Monday, November 5, 2007

day five: cannonball

i couldn’t say anything. i couldn’t think of what to say. my skin was turning cold, clammy, robert's room feeling suddenly smaller, older. what was i thinking? didn’t i learn this already? love and sex, never the two shall meet, not by both parties, not by both hands and hearts and breath. what was i thinking? but everything had seemed so, so, so, i don’t even know what it seemed. not this, just not this. i move slowly to the edge of the bed, untangling myself from him, letting go.

“janie? where are you going?” he sound so surprised, like what he said would just blow over me, or drip off me, like honey, or syrup. as if not telling troy wasn’t significant in just about every way.

“i’m going home, robert. i don’t know why i came.” I grab my clothes, not looking at him, trying to dress without him seeing any part of me. i am suddenly so exasperatingly shy.

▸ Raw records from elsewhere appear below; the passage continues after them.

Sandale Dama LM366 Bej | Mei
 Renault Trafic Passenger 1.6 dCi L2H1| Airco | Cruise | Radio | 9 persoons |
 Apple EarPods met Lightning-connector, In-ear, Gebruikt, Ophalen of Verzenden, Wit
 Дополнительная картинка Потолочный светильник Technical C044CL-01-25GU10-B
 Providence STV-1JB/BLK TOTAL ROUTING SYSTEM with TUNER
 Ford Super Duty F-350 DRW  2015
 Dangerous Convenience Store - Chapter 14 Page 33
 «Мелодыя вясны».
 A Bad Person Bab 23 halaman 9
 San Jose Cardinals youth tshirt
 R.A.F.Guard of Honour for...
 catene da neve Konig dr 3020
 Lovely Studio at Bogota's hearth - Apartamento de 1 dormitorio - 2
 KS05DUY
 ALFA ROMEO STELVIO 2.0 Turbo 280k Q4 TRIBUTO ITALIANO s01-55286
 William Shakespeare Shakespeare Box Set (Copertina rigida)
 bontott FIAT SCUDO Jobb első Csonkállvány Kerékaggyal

"janie? why would you say that? what did i do?” he is standing up now, too. i don’t look at him, but i can hear the telltale bed sounds, the shift in his weight coming off of it. he is walking towards me, i can feel it, i can feel him. it stops me, even though i want to move. i still look away, at my clothes, the wall, the door..

"look at me, janie. why won’t you look at me?” his voice changes. i can hear the slight brush stroke of panic paint over him. and i can't help it, i turn towards him, look right at him adn that is when the tears fall.

"why can't we tell troy, robert? why? what do you this this is?" my voice sounds sixteen again. i feel sixteen again; confused, conflicted, blurred with emotion.

he's the one to look away now. he turns back towards the bed, past it, grabs his pants, putting them slowly. everthing feels lengthened, like those hallways that just grow longer as the heroine in danger moves in slow motion, in all those predictable horror films. every moment seems to drag, and i stand there stuck. robert walks to the window and still says nothing. the silence is wrapping around us now, fogging over us like a haze heavy in the room, thickening the air. i try to move but i can't, my feet feel glued to this spot on his carpet. all i can do is cry, tears streaming down my face. i don't even lift a hand to wipe them away, just taste the salt on my lips.

robert finally turns around towards me. he looks pale, torn up, hesitation is written across every inch of his skin. i can feel the trip in his voice, how he is holding back, how it is breaking him into tiny little pieces.

"i can't tell troy...because...because he is my boyfriend now, janie. we are...we are together." the words stagger out, forced, pained.

he turns away again, and i feel the sting hit me. every part of my body responds to it, my insides are screaming. i had thought of countless other reasons. that he didn't want this to be more than tonight, that he wasn't ready to change these years of friendship, that he wanted to keep it a secret. i'd had that kind of thing before, guys who wanted to meet you out back somewhere, or in their car, in a van that doesn't belong to them. they didn't want to exchange names or numbers, or lives. that maybe this is a mistake, well it was a mistake, it is a mistake. but not this, not in this way. how is this possible? how is it possible? how di di not know? i feel the shift in me then, from shock to anger, and it lights me up from the inside. i feel flames racing through my veins, in my blood, and my thoughts turn into sharp objects.

"then what the fuck was this, robert? what the fuck was this?” i wasn’t much for cussing. i did it, but not often, and never to Robert. he knows it, knows that only a certain level of pain brings ou tthis kind of cold anger, and this delivery of language. he almost falls backwards, grabs onto the windowsill and holds it tightly. he is cowering in the corner. i've never seen him like this. he starts crying, fast, hard. cryign that turns into sobs, ugly sobs, with snot and tears all mixed up and running all out of you kind of crying. it takes everything in me not to run to him, to cover him in anything he needs. but, i hold my breath and just stand there. i try to hold on to something close to self-respect.

"you don't understand. you don't understand. janie, he doesn't have anyone else. he needs me. i can't leave him alone." the words come out between mor sobbing, in a mess of breath and water. he sounds like he is underwater, like he is drowning.

"then why me, robert? why this? why did this happen? i don't understand? yeah, you are right. i don't fucking understand." i am shaking so hard i can barely stand, i grab hold of the doorknob, hold myself up. i look at the door, and keep my escape open and ready. i know i am ready to run.

"because i love you, janie. i've always loved you. you are my home."